O nevoeiro paira no Ano Novo
Refletir sobre a instabilidade política da Madeira (iniciada há quase um ano), neste Mundo cada vez mais volátil, soa a um bairrismo ensimesmado de curtos horizontes. Contudo, nós, que após 50 anos de Autonomia monocromática, observamos a sua notória erosão, devemos dispensar algum pensamento, a esse mito estilhaçado, sedento de alternância. Talvez por isso, no discurso do Ano Novo por parte do Presidente da República, a Madeira nem mereceu uma breve ou subtil referência, por parte da incontinente jactância verbal do Dr. Marcelo, que mantém no Conselho de Estado, o protagonista da instabilidade madeirense.
Eu gosto de eleições e tolero a democracia. Da mesma forma que a democracia me tolera, resignada, nestas linhas. Nem sempre me vejo representado, mas isso, certamente deve-se ao meu mau feitio, que o recente tempo pré-natalício do Advento, não conseguiu ainda, me moldar. A instabilidade política madeirense já é mais previsível, que o nevoeiro da Choupana. Há madeirenses fartos de políticos, que alegadamente se servem da política para proveito próprio, ou da sua tribo, eternizando-se na sua bolha de privilégios e imunidades.
Foi o que povo expressou representado na Assembleia Regional no passado dia 17 de dezembro, ao viabilizar a Moção de Censura ordenada a partir de Lisboa, perante a sonsa apatia dos agentes políticos locais, que a Autonomia de meia-idade ainda não os emancipou. O parlamentarismo também funciona sem as maiorias absolutas, que mal nos habituaram, por quase meio-século.
Não é razoável ou admissível, que estejam mais de 250 mil portugueses no meio do Atlântico, há quase um ano, reféns de interesses do principal epicentro da desestabilização, chamado Miguel Albuquerque na qualidade de Presidente do Governo Regional da Madeira.
A etimologia da “ética” no exercício das funções políticas, não se compadece com o princípio jurídico da presunção de inocência, nem com o (cada vez mais curto) respaldo popular do “tribunal” do sufrágio eleitoral.
Este enunciado moral não está vertido em qualquer regulamento, mas, foi acolhido pelo próprio Dr.

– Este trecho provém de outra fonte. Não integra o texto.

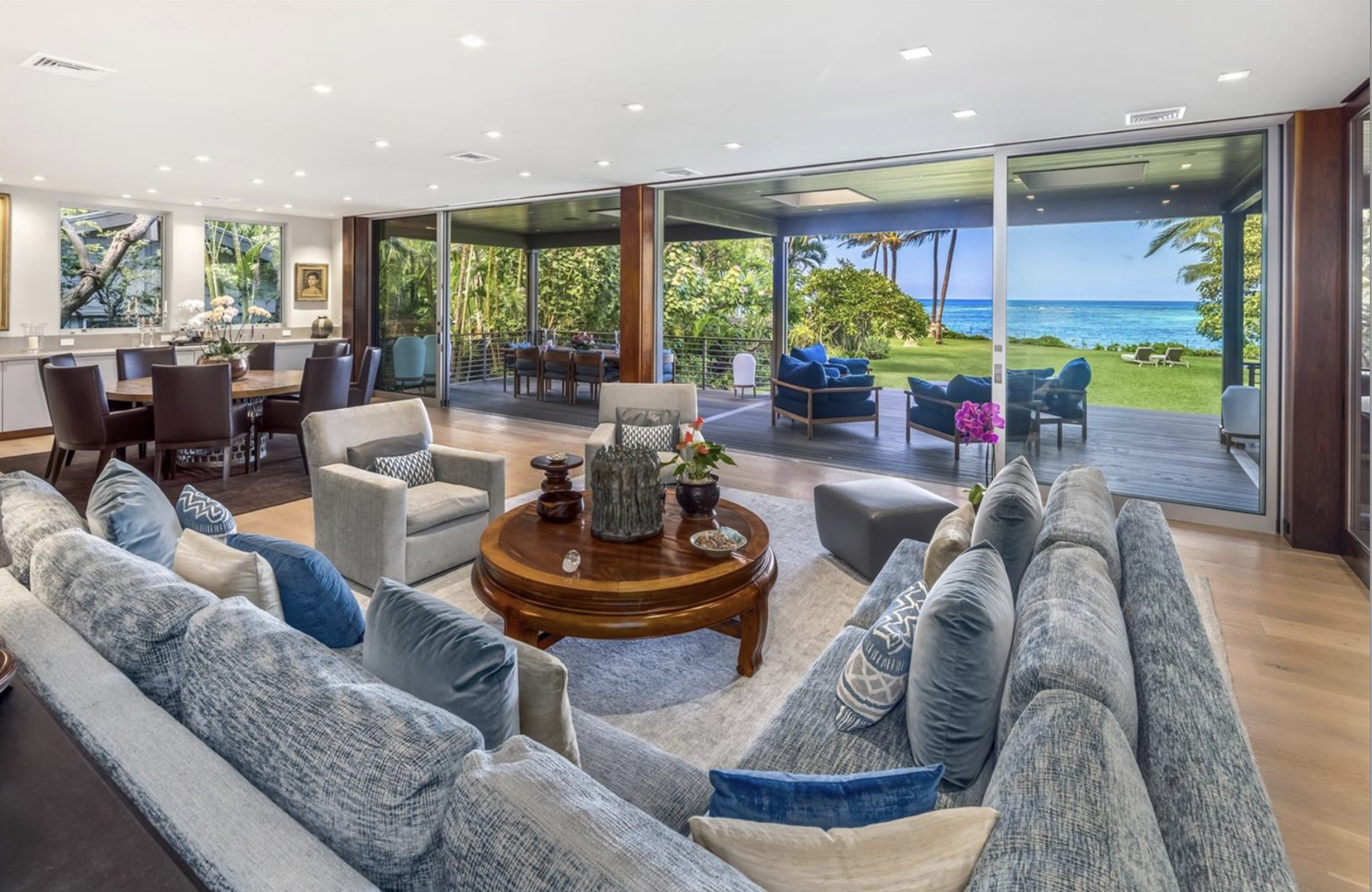 Spacious living room with large sliding glass doors opening to a porch and a tropical ocean view, furnished with a large L-shaped sofa, armchairs, a round wooden coffee table, and a dining area.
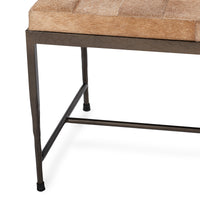 Close-up of the Canyon Sand bench’s tapered iron leg, lower stretchers and patchwork hide seat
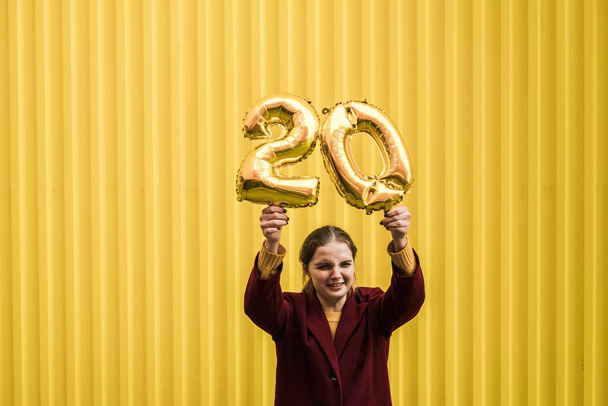 Young beautiful sad girl in burgundy coat and mustard sweater holds in her hands the helium balloons of number 20 against the background of bright yellow wall. Birthday concept in 20 years. - Фото, изображение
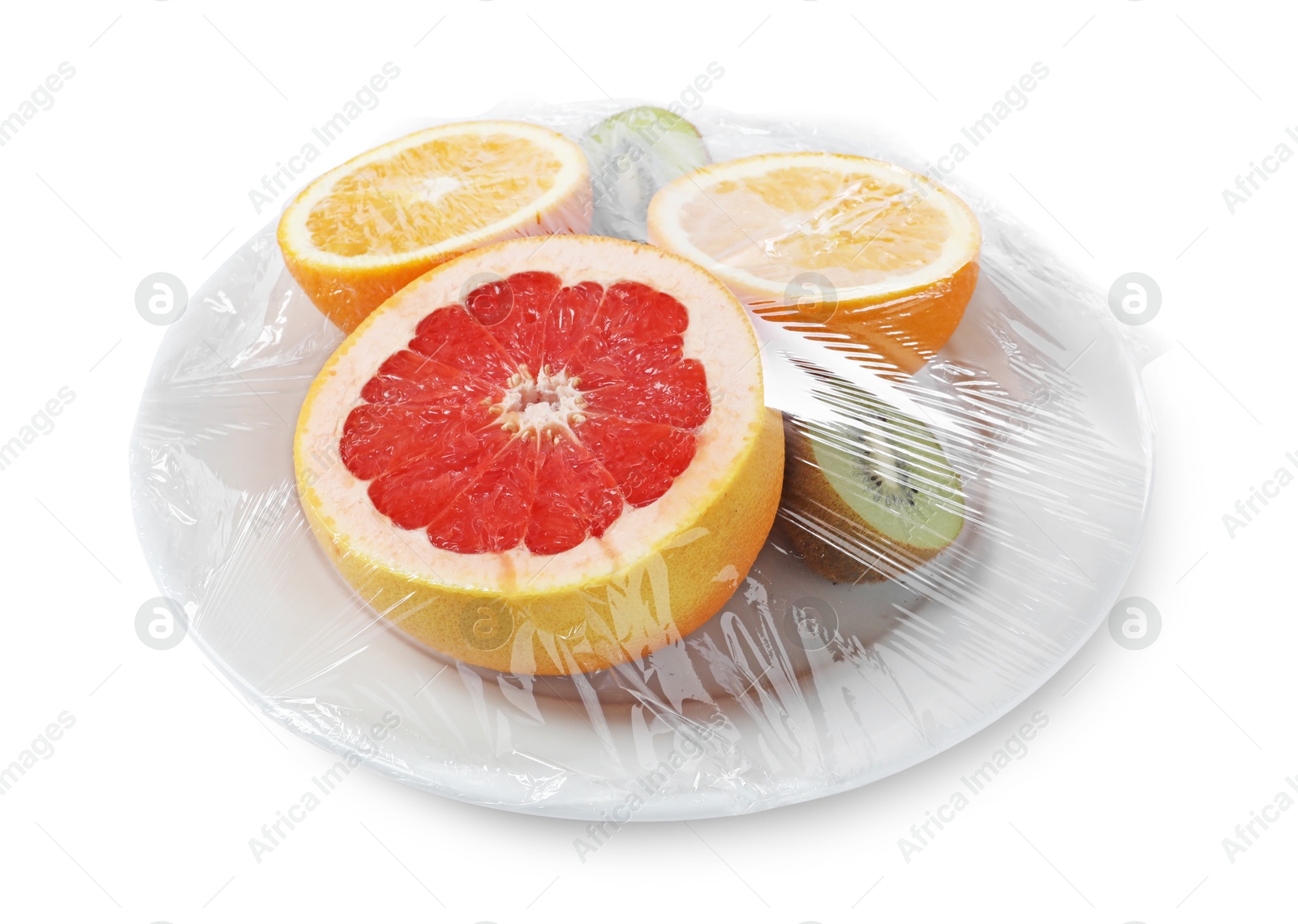 Photo of Plate of fresh fruits with plastic food wrap isolated on white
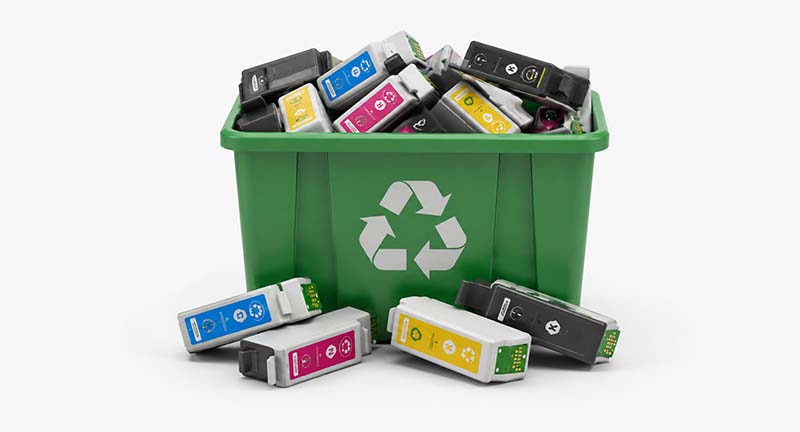 Recycling used ink cartridges in a bin Recycling used ink cartridges in a bin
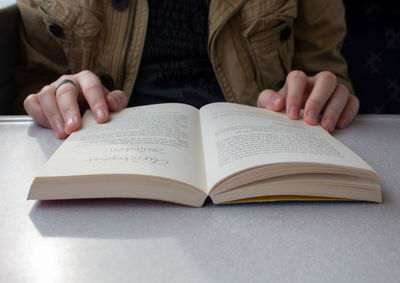 Midsection of woman reading book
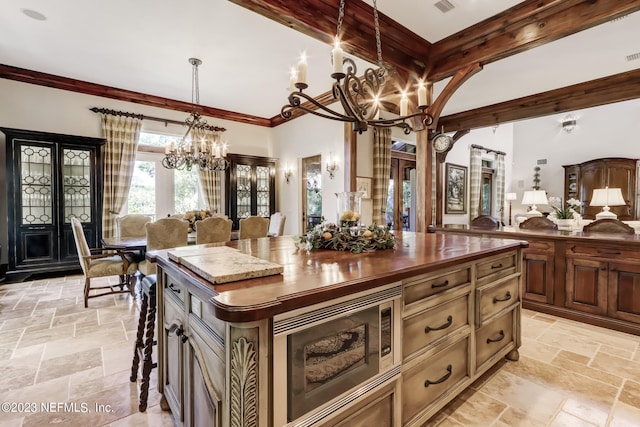 kitchen featuring a chandelier, pendant lighting, crown molding, stainless steel microwave, and a center island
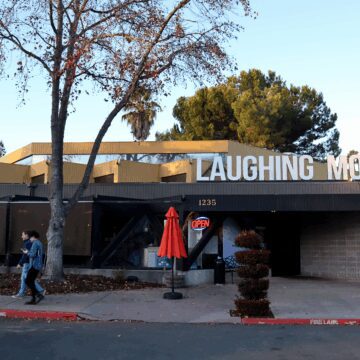Laughing Monk Brewery Sunnyvale Photo of the exterior of a one-floor restaurant with a large sign reading "Laughing Monk" on top of the roof, with some trees in the front and a neon "Open" sign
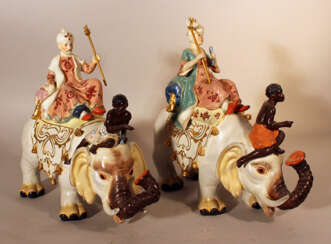A pair of porcelain elephants with a queen and a king with servants on top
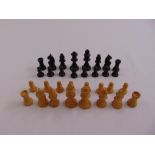 A hand turned wooden miniature chess set
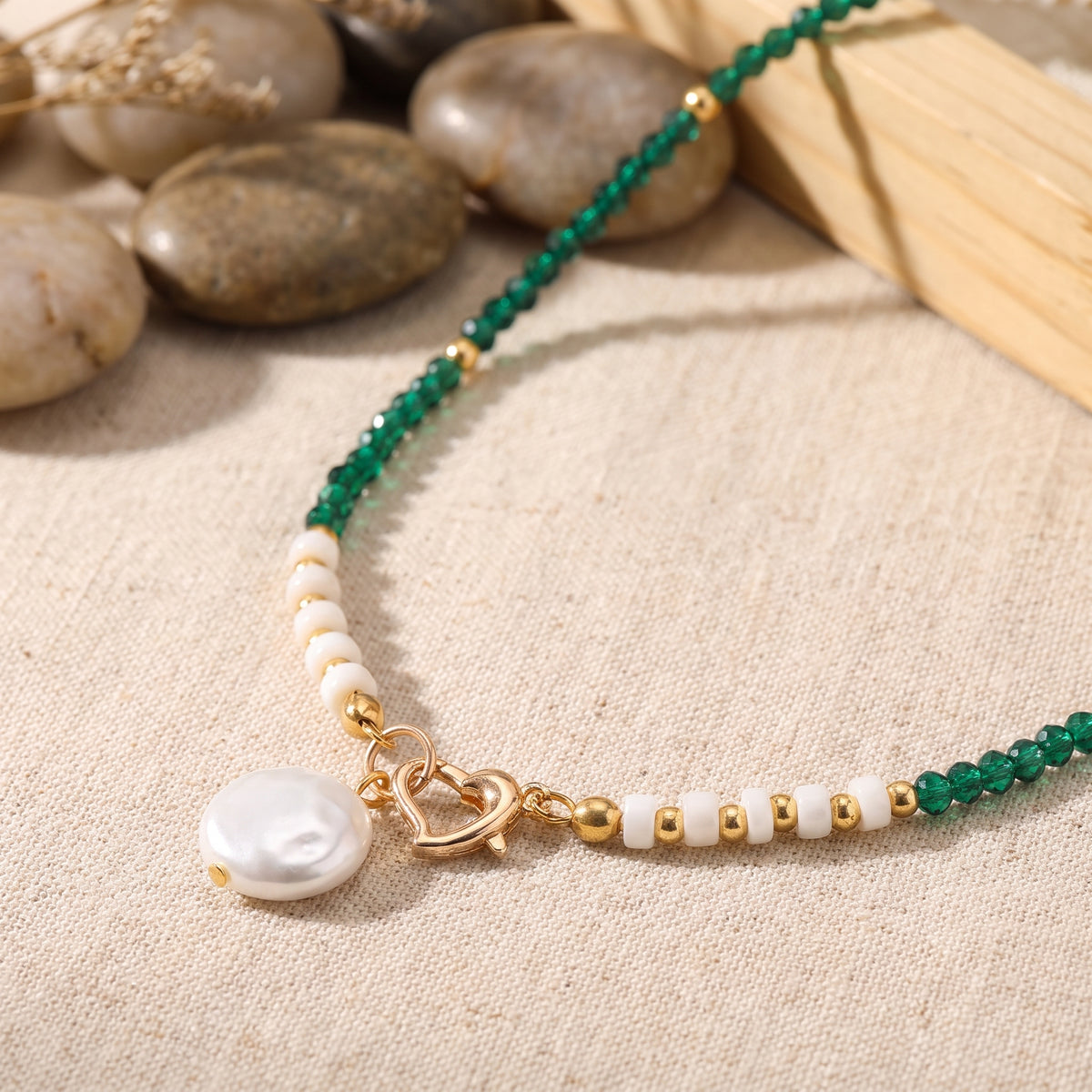 Détail du collier perle baroque, fermoir coeur doré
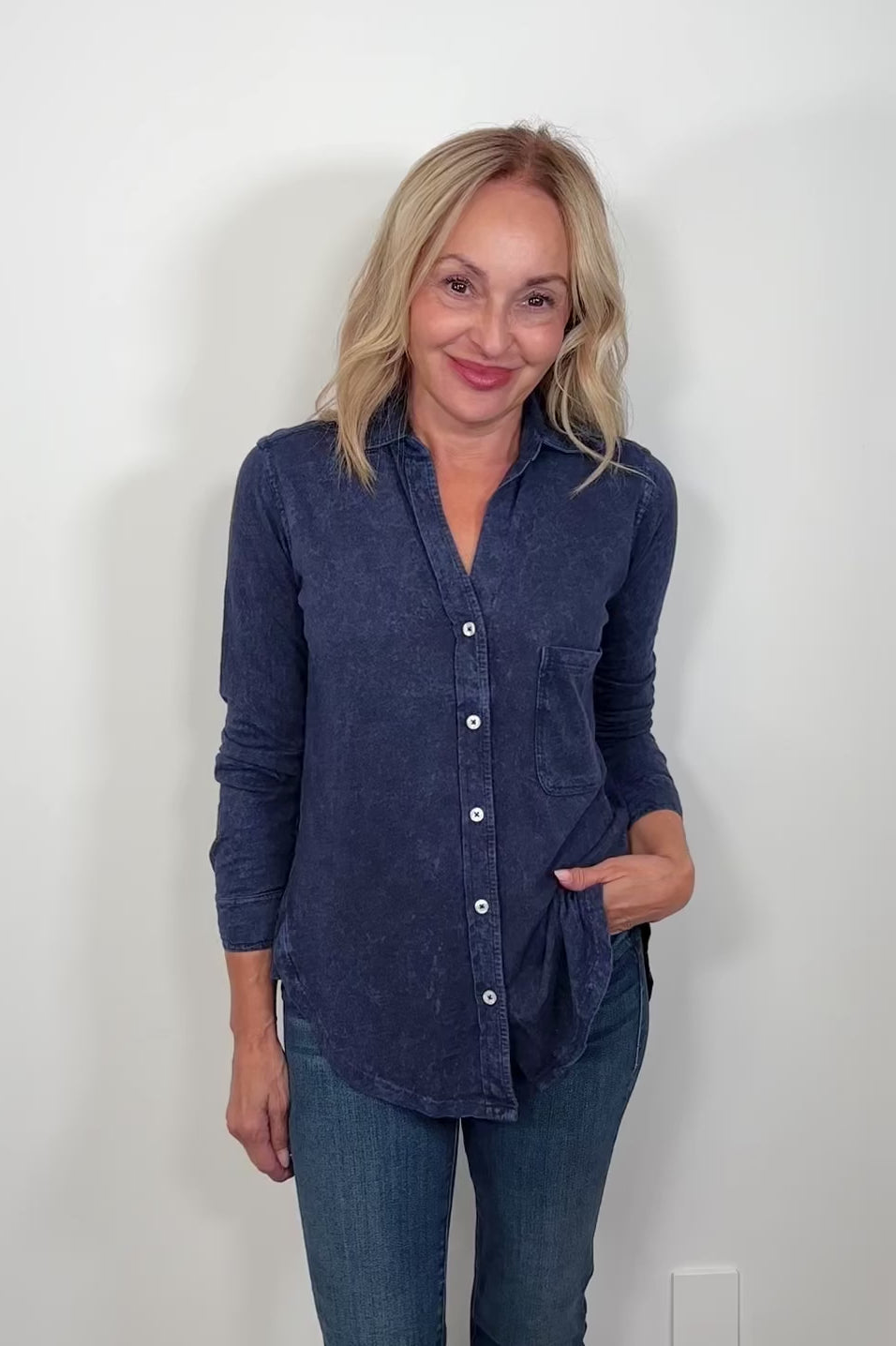 Video of a woman wearing a washed blue button down shirt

Albuquerque, quando em novembro de 2023, instado a comentar a demissão de António Costa (que nem arguido era), afirmou que a sua demissão era «inevitável (…), sendo muito difícil o Primeiro-Ministro continuar a governar».
Passa já da hora do Dr. Albuquerque se afastar, e de se concentrar na sua defesa como qualquer mortal. Os cemitérios estão cheios de insubstituíveis que, apesar de sucumbidos pela morte, alguns, foram pela sua fé, resgatados. A Páscoa da ressurreição ainda está distante, mas o Carnaval eleitoral já batuca no horizonte enublado num repetitivo “déjà-vu”.
Eu, enquanto insuspeito opositor do “Bloco Central”, anseio que, (dada a instabilidade das lideranças partidárias que por aí se vivem), haja um interregno suficiente na calendarização das prováveis eleições regionais, para que, PSD e PS se apresentem na linha de partida, de face lavada e sem compadres desavindos, a medir lâminas nas costas uns dos outros. Se querem mesmo comemorar os 50 Anos da Autonomia, troquem o novo feriado de abril, por uma insuspeita estabilidade, e dissipai logo, este prolongado e teimoso nevoeiro de incertezas.